Exercise brief - An exact copy of all the lines below is required, with every image left out.

::: Data for the task

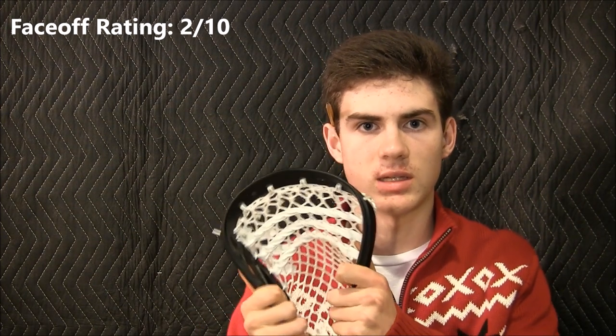This is one of the stiffer heads on the market, so I'm going to give the stiffness rating a 9 out of 10, which is a great rating for a defensive head where defensive players like to have a stiff and durable head. I gave the face-off rating for this head a 2 out of 10 because it's really only designed for defensive players — you're never going to want to face off with this head. It's not used for pinching and popping or trying to get the head to flex at all because it's just so stiff.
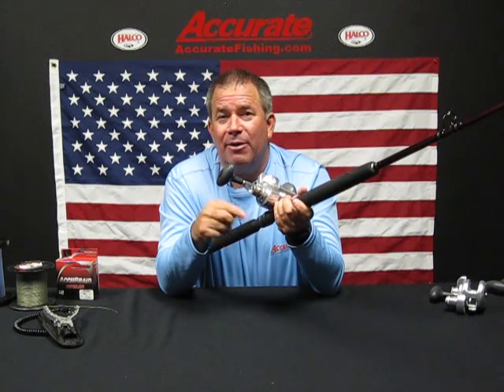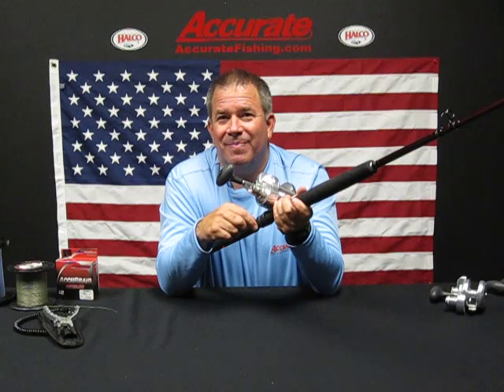If you want to see these reels, they are going to be delivered in the middle of August and you can go to a dealer near you or you can get more information at www.accuratefishing.com.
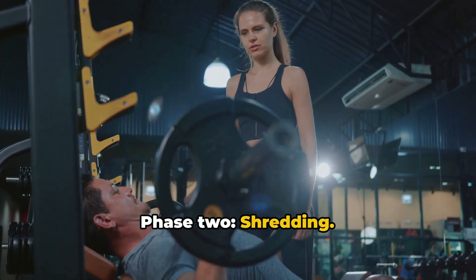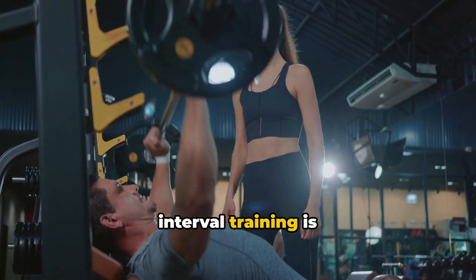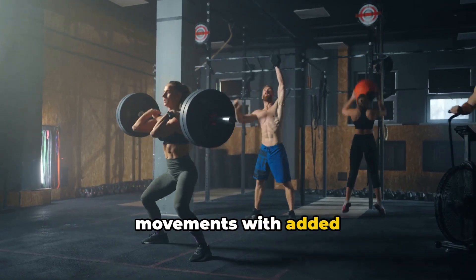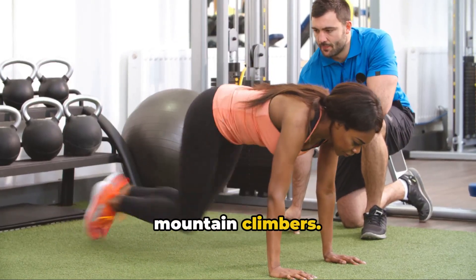Phase 2: Shredding. Here, it's time to cut back on calories and increase your cardio. High-intensity interval training is your best bet. As for exercises, think compound movements with added supersets or drop sets. Include exercises like burpees, kettlebell swings, or mountain climbers.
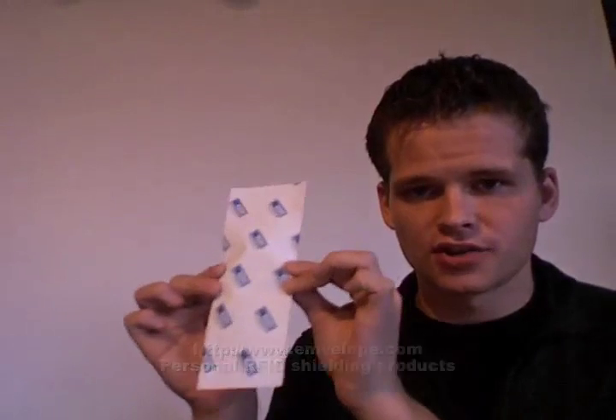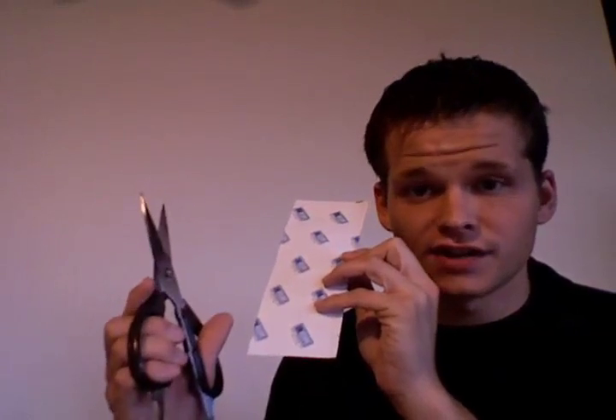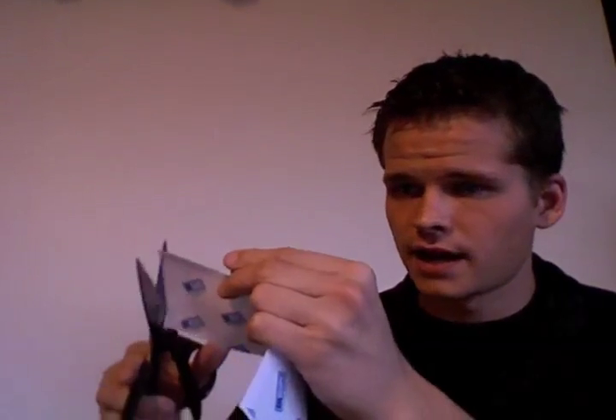The Personal Wallet Protector comes in a strip like so. It arrives oversized, so you need to take a sturdy scissors and cut it to fit the size of your wallet.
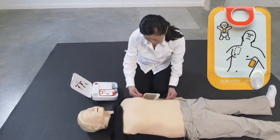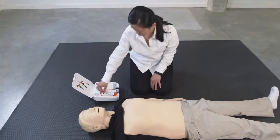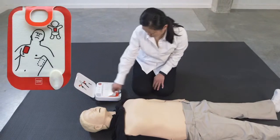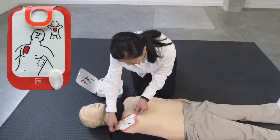Press pads firmly. It is recommended to continue compressions while the pads are being applied to your patient. Apply pads to bare skin exactly as shown in the pictures.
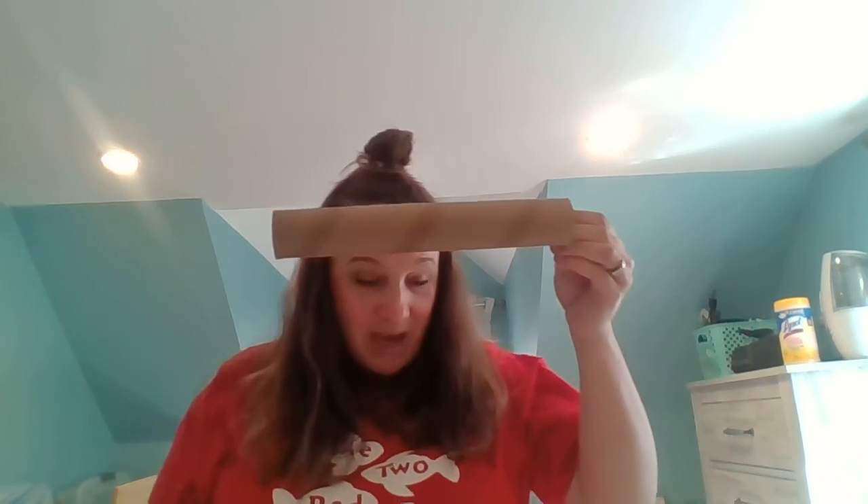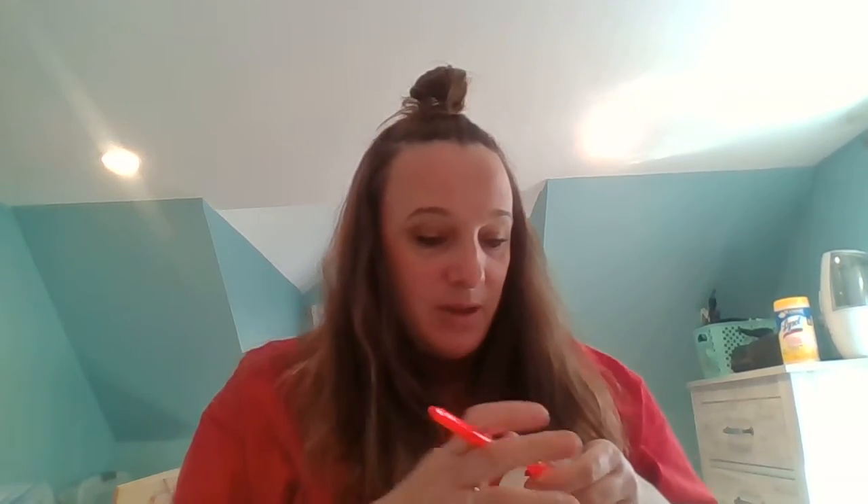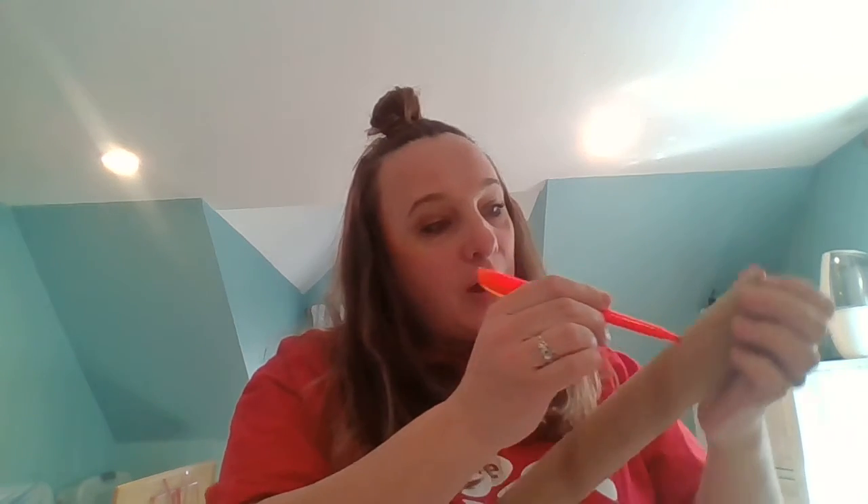The first thing I thought we could use it for is this. Just a paper towel tube and some markers — that's all you'll really need. I'm going to use this bright fluorescent orange right here. You can paint it if you want to, but then you'd have to wait for it to dry, so markers are usually best on a project like this.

::::::

Exercise result -
This is one of the stiffer heads on the market, so I'm going to give the stiffness rating a 9 out of 10, which is a great rating for a defensive head where defensive players like to have a stiff and durable head. I gave the face-off rating for this head a 2 out of 10 because it's really only designed for defensive players — you're never going to want to face off with this head. It's not used for pinching and popping or trying to get the head to flex at all because it's just so stiff.
If you want to see these reels, they are going to be delivered in the middle of August and you can go to a dealer near you or you can get more information at www.accuratefishing.com.
Phase 2: Shredding. Here, it's time to cut back on calories and increase your cardio. High-intensity interval training is your best bet. As for exercises, think compound movements with added supersets or drop sets. Include exercises like burpees, kettlebell swings, or mountain climbers.
The Personal Wallet Protector comes in a strip like so. It arrives oversized, so you need to take a sturdy scissors and cut it to fit the size of your wallet.
Press pads firmly. It is recommended to continue compressions while the pads are being applied to your patient. Apply pads to bare skin exactly as shown in the pictures.
The first thing I thought we could use it for is this. Just a paper towel tube and some markers — that's all you'll really need. I'm going to use this bright fluorescent orange right here. You can paint it if you want to, but then you'd have to wait for it to dry, so markers are usually best on a project like this.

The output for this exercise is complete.